En estos días he seguido por youtube una conferencia que el profesor Andrés Amorós dio en torno a la figura de Ignacio Sánchez Mejías y a la elegía "Llanto por la muerte de Ignacio Sánchez Mejías", de Federico García Lorca. La primera parte de ésta, singularmente sabrosa, correspondió a la semblanza biográfica del torero. Allí se nos descubre una figura extraordinaria ( nunca hubo un andaluz tan claro, tan rico de aventura), multifacética e irrepetible. Pocos toreros aglutinaron en torno a sí tantas excelencias ni descollaron en tan distintos campos. El destino le llevó a compartir época con esa gran figura del toreo, Joselito el Gallo, de cuya cuadrilla formó parte y con quien incluso estableció lazos de parentesco. Siguiendo la estela del maestro tomó la alternativa y trató de emularlo en su concepto del toreo. Se distinguió por su arrojo y valentía (que buen torero en la plaza) y por su toreo artístico y brillante. Consiguió auparse a los primeros lugares del escalafón, compitiendo con otros diestros de gran relevancia, entre ellos Juan Belmonte. Y fueron él y Belmonte a quienes celebraron los escritores y los intelectuales del momento. Se cuenta que en torno a él se agruparon los poetas de 27, cautivos muchos de ellos por la personalidad arolladora del matador. Como hombre alcanzó fama, riqueza, honor, relevancia social; como torero, prestigio, celebridad, leyenda. Con su muerte se sumo al panteón de los Héroes, y como tal lo cantó el poeta.

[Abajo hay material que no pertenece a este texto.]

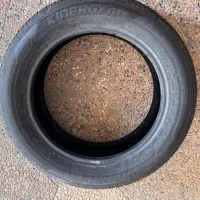 لاستیک تک حلقه هانکوک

Pude en mi vida, por la suerte de ser alicantino, compartir época, memoria de infancia y vecindad, con otro gran torero: José María Manzanares. Rememoro ahora su figura, por la coincidencia de su apellido taurino con el del pueblo donde estaba la plaza en la que un toro Granadino acabó con la vida de Ignacio Sánchez Mejías. Buscando sus datos biográficos por internet, constato que el apellido Manzanares lo tomó de su padre, pero no llego a descubrir por qué éste lo adoptó. Sin embargo, mis recuerdos de Josemari, el tore, como lo apodaba la chiquilleria, están más relacionados con el futbol que con el toreo, pues reviven esos largos partidillos de los sábados que toda la chavalería organizaba en los descampados próximos al barrio del Garbinet. Y recuerdo que Josemari era un herculano de pro, que se ufanaba de usar la camisola del equipo local. Mi único recuerdo del Josemari torero se remite una exhibición de salón que dió en la suburbial plaza de Manila, frente a un simulacro de toro sobre ruedas, desarrollando una torería en potencia, en la que pocos de los que estábamos allí podíamos imaginar sus triunfales hechos posteriores.
Pertenezco a una generación en la que se hacía alarde de valores fraternales, antibelicistas, y antitaurinos. Donde se despreciaba al héroe por mor de un vago anhelo de indeterminada equidad. Se pensaba en el torero como un arribista, que sólo pensaba en hacerse rico por el camino más rápido. Si había nobleza, arte y gloria en el mundo del toro era algo en lo que nadie pensaba. Por eso yo jamás he asistido en vivo a una corrida; solo he visto lidiar por televisión y en alguna ocasión observé alguna faena de Manzanares. Confirmé su toreo de clase, sus buenas formas delante del toro. Supe de sus triunfos por los noticieros. Pero por entonces era una persona totalmente desligada de mi vida. Lo volví a encontrar hara pocos años, cuando visité el museo y la plaza de la Maestranza, de Sevilla. Me llamó poderosamente la atención que, junto a un par de trajes de Currro Romero, la figura sevillana por excelencia, se exhibiera un traje de luces de purisima y oro de José María Manzanares. Reflexioné más tarde en cuál no sería la grandeza de sus logros. En los toreros se cumple el héroe que todos pretendemos alcanzar, paradigma de la vieja sociedad que pasó. Pude contemplar su túmulo en el cementerio de Alicante; quizá su figura hubiese compartido celajes legendarios si como Ignacio Sánchez Mejías hubiera recibido a la muerte abrazado a las astas de un toro.